Poland asks US for files on deported ex-Nazi guard

Prosecutor says documents may help ‘fill in the gaps’ on whether Jakiw Palij, now 95, took part in liquidation of Warsaw Ghetto

This 1949 photo provided by the US Department of Justice shows a US visa photo of Jakiw Palij, a former Nazi concentration camp guard who had been living in the Queens borough of New York. (US Department of Justice via AP)
This 1949 photo provided by the US Department of Justice shows a US visa photo of Jakiw Palij, a former Nazi concentration camp guard who had been living in the Queens borough of New York. (US Department of Justice via AP)

WARSAW, Poland (AP) — Poland has asked the US to share all the documents gathered on a deported former Nazi concentration camp guard in the hope they may provide grounds for charging the 95-year-old with World War II-era crimes, a prosecutor said Friday.
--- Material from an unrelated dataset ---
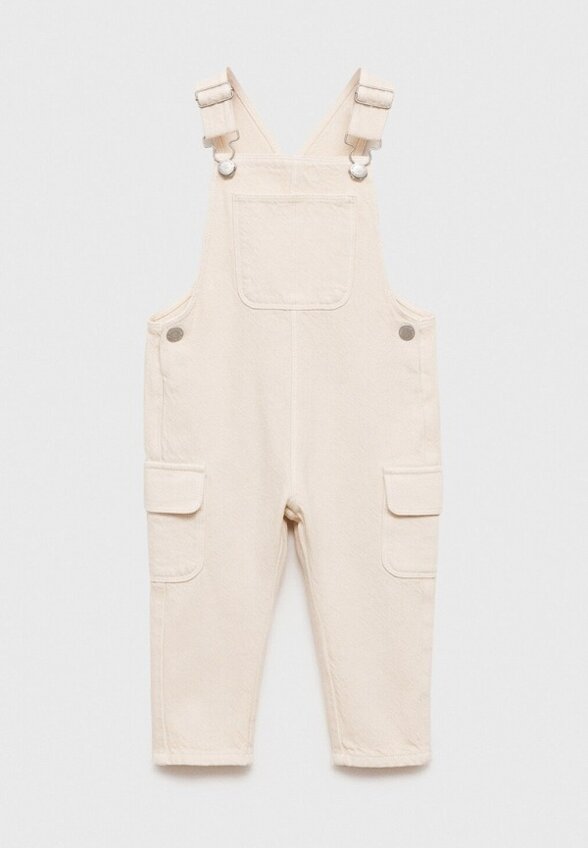 Комбинезон джинсовый Mango Kids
Jakiw Palij, an ethnic Ukrainian, was deported to Germany on August 21 for having lied and concealed his Nazi wartime past to enter the US after the war. He was stripped of his US citizenship in 2003.

Palij is of interest to Poland’s Institute of National Remembrance, which is investigating the Trawniki concentration camp that was run by occupying Germans in Poland where he trained and served as a guard in 1943. The state institute’s task is to investigate and prosecute wartime crimes.

Prosecutor Jacek Nowakowski said the US files may help “fill in the gaps” in documents held by the institute regarding Palij, and could provide information that could lead to charges against Palij.

Nowakowski, of the institute’s Lublin office in the southeast region where the Trawniki camp was, said the US files may help establish whether Palij took part in the liquidation of the Warsaw Ghetto in 1943.

“We cannot exclude that as a result of the steps we have taken we will be able to send an extradition request [to Germany],” Nowakowski said.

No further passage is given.